A few weeks ago an old high school classmate of mine shared this on her Facebook page. It immediately struck a cord with me, and I haven’t been able to stop thinking about it. Mainly because It’s.Just.So.True. Rarely do I call my dad up with something “good” or send one of my fellow mom pals a text with something great that my kids did. Most of the time it’s simply me bitching. Me bitching about my kids. Bitching about my husband. Bitching about the weather. Just me bitching about anything and everything. Yet over the past few weeks as I’ve been ruminating on this idea, every time I try to think about something I’m grateful for, there always seems to be a giant BUT at the end. I’m grateful for my health…BUT I hate the feeling of getting old. I’m grateful for my kids…BUT boy do they drive me crazy. I’m grateful for my hardworking husband…BUT why won’t he do X, Y or Z? And it just keeps going on and on. I know I’m a Negative Nelly. I’ve been that way for as long as I can remember. But geez, even for me sometimes I think enough is enough. So I decided to write a post (mainly to prove to myself that I CAN remain positive for once) about my JOYS. The things that make me happy. And there will be no BUTS. The buts are my addiction and it’s true, I do need to break the habit. So here’s my first attempt.

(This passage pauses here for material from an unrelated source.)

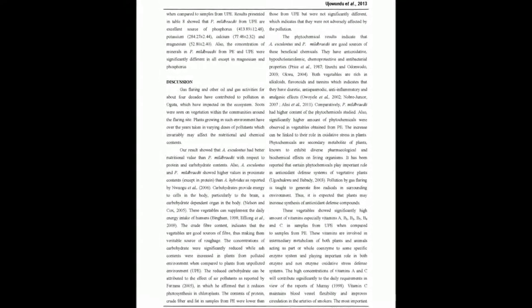The protein, crude fiber, moisture and total fat contents of samples from PE differ non-significantly (P less than 0.05) when compared with samples obtained from UE. The phytochemical contents of A. Esculentus and T. occidentalis were significantly higher in samples from UE than in samples from PE.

One of my greatest Joys over the past few weeks has simply been the generosity and kindness of my gal pals. Recently I had a minor procedure done and was laid up for a few days. Now everyone knows I hate asking for help of any kind. I don’t know why I do, I just don’t ever want to be a “burden” on someone else. Yet these ladies simply took charge. I had homemade dinners delivered, goodies for the kids, milkshakes for me. I had numerous additional offers and daily text messages checking up on me as well. Even the women I work out with got together and all signed a card for me. Now these woman will all tell you this was “no big deal” for them, but I beg to differ. Some of these woman work. They’re all raising families, being chauffeurs, cleaners, chefs. Yet they went out of their way to help me. And they did it on their own. That is some good people right there. No buts needed for this Joy.

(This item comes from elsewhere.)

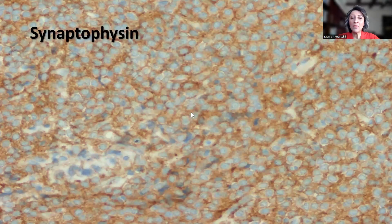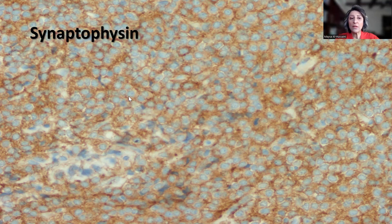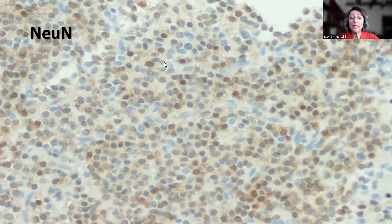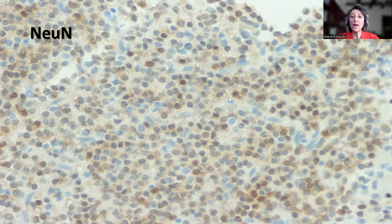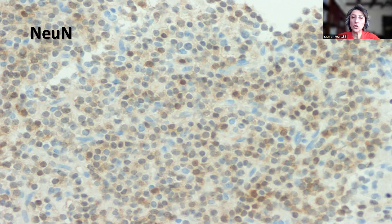Synaptophysin, on the other hand, appears to be positive, and it's not only in the background — the tumor cells themselves show cytoplasmic positivity in the cytoplasm, and this is how we interpret synaptophysin. NeuN is a nuclear stain for a neuronal marker, and in a neurocytoma it tends to show focal variable nuclear staining. I would not expect NeuN to be strongly positive; it's not usually strongly positive.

Now it would be wrong of me to write about my Joys and not mention family. However seeing as I feel this is just a “given,” I’ll keep it short and sweet. My family has each other’s backs. We’ve been around the block a few times in the Village of Hell and we’re are all sorts of crazy, weird and impossible, but that’s what I’m most thankful for. Because given a choice between The Cleavers or The Conners, I’d take the Conners any day. They’re a lot more fun. So even when my phone calls and texts are about 95 percent me talking about my problems, I can always count on my dad to remind me that “this too shall pass” or my faithful cousin, who’s a few years ahead of the parenting/life game than me, to talk me off that ledge. They’re my forever Joys. The lemonade to my lemons. (Sorry, sometimes, I like a good ol’ cliche!)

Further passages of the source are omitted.